=== Task requirements ===
Please give back only the lines below from the one containing "Industrial Ozone Strawberry" to the one containing "Perro amenazando con color de ojos distintos", each repeated word for word, both ends included.

=== Exercise input ===
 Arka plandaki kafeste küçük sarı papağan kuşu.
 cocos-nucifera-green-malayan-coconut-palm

...

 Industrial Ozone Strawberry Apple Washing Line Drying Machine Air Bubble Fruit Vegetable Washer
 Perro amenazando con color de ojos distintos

---

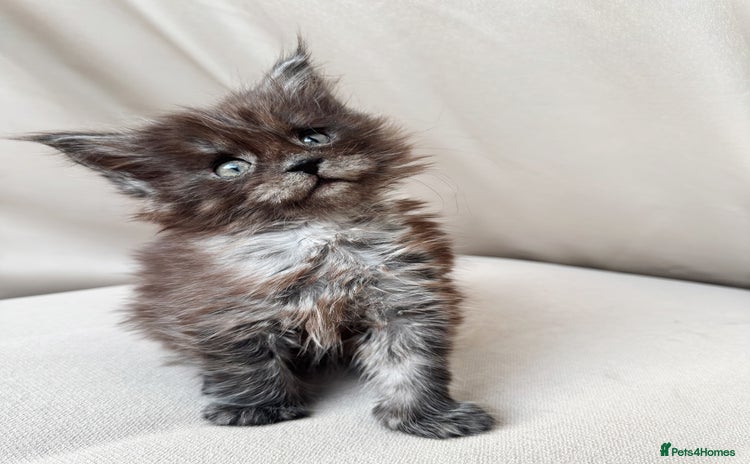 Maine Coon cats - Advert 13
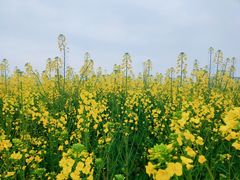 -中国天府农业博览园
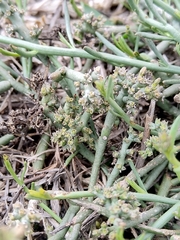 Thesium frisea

=== Response to this task ===
 Industrial Ozone Strawberry Apple Washing Line Drying Machine Air Bubble Fruit Vegetable Washer
 Perro amenazando con color de ojos distintos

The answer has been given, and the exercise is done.